We made several assumptions regarding spontaneous clearance and cure rates in response to treatment. Firstly, we assumed the percentage of spontaneous clearance after diagnosis for acute HBV infections to be 5% for infants and 95% otherwise. We acknowledge that taking a sharp cut-off of 1 year of age for spontaneous clearance is likely to be clinically untrue. Since HBV infection among children in Sweden is very rare (mother-to-child transmission in Sweden is < 0.1%), and as a result an extremely small proportion of reported cases are diagnosed for hepatitis B when they are children, changing the cut-off from 1 to 5 years of age or assuming a slower over-time decrease would likely not affect the estimates measured in this paper [27]. Secondly, we assumed no cure rates after any antiviral treatment for treated HBV-infected individuals. People with HBV who are treated with interferon or other antivirals may in reality have achieved functional cure. However, even patients with functional cure from chronic HBV infection still have cccDNA and may be at risk for HCC, leading to this assumption of no cure rates for the presented analyses.

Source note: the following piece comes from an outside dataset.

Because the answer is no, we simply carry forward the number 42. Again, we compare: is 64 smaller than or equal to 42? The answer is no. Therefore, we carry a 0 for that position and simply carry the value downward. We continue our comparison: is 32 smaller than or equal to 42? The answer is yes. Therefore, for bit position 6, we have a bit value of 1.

The ICD-10 codes that we used for liver disease were the ones specified in the WHO framework. Even though this gives us the ability to compare our results to other countries using the WHO framework, the codes may not be the most appropriate for a Swedish setting, as demonstrated by a previous study by Duberg et al. [28], and this might have led to an underestimation of the hepatitis associated morbidity and mortality. In addition, the sensitivity and specificity of these codes vary, and we cannot exclude other comorbidities such as alcohol use as causes of these diagnoses. Furthermore, the Prescribed Drug Register was only established in 2005, thus we do not know about treatments before 2005, and this might have led to an overestimation of the prevalence. We assumed that there were no reinfections for hepatitis C in order to simplify our analysis, which might have led to an underestimation of the prevalence and of the notification rates [29].

Finally, our estimates are based on diagnosed and notified cases without estimating the infected but undiagnosed population. The ECDC estimates that only 20%–30% of all HBV and HCV infections are diagnosed in Europe [3]. Previous modelling studies estimated that around 80% of HCV infections in Sweden may be diagnosed [8]. Consequently, prevalence and rates of diagnosed cases do not reflect the true prevalence and incidence of HBV or HCV infections.

Conclusions

In conclusion, this plan to monitor Sweden’s progress towards the elimination of HBV and HCV as a public health threat by 2030 can be used for regular follow-up. This first monitoring shows encouraging results for the first three years of 2015–2018, though subsequent follow-ups are warranted. Pandemic with COVID-19 has since 2020 possibly affected this elimination work and progress, and future studies are needed to assess the impact of this. We recommend that the progress should be monitored regularly until 2030.